_To do_: All of the records below are to be printed exactly; the pictures are to be left out.

(Records from a data source)
[Start of Attachment]

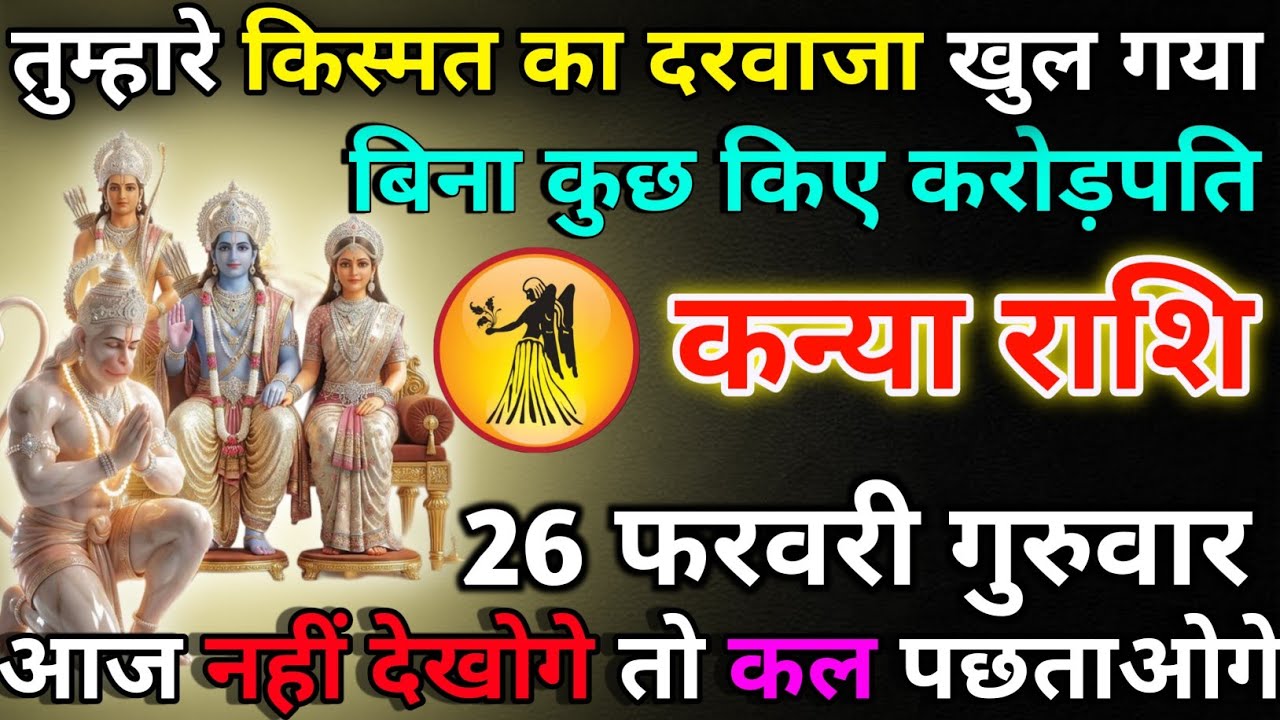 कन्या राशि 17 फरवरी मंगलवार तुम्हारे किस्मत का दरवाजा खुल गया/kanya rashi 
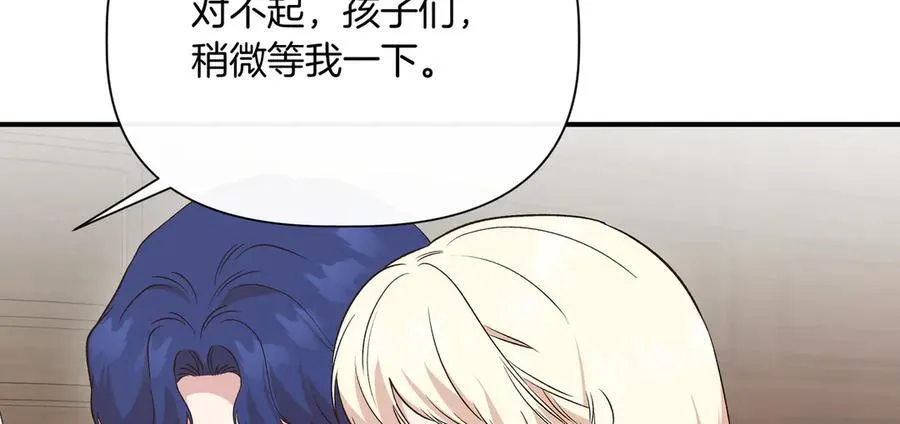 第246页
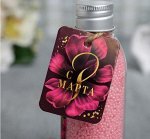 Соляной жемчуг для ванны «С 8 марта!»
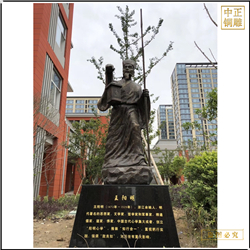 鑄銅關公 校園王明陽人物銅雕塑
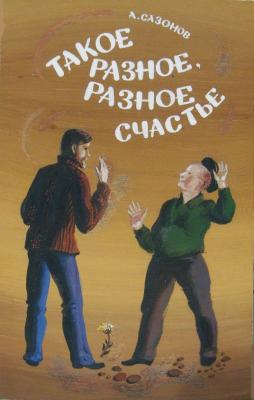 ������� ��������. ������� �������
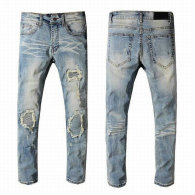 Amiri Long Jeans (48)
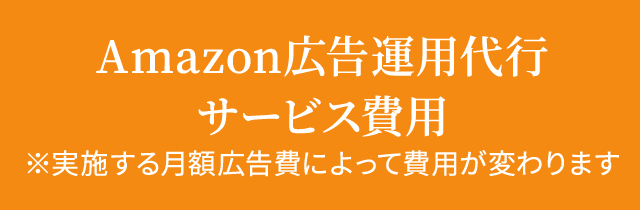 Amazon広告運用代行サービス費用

[End of Attachment]

_Answer for this exercise_:
 कन्या राशि 17 फरवरी मंगलवार तुम्हारे किस्मत का दरवाजा खुल गया/kanya rashi 
 第246页
 Соляной жемчуг для ванны «С 8 марта!»
 鑄銅關公 校園王明陽人物銅雕塑
 ������� ��������. ������� �������
 Amiri Long Jeans (48)
 Amazon広告運用代行サービス費用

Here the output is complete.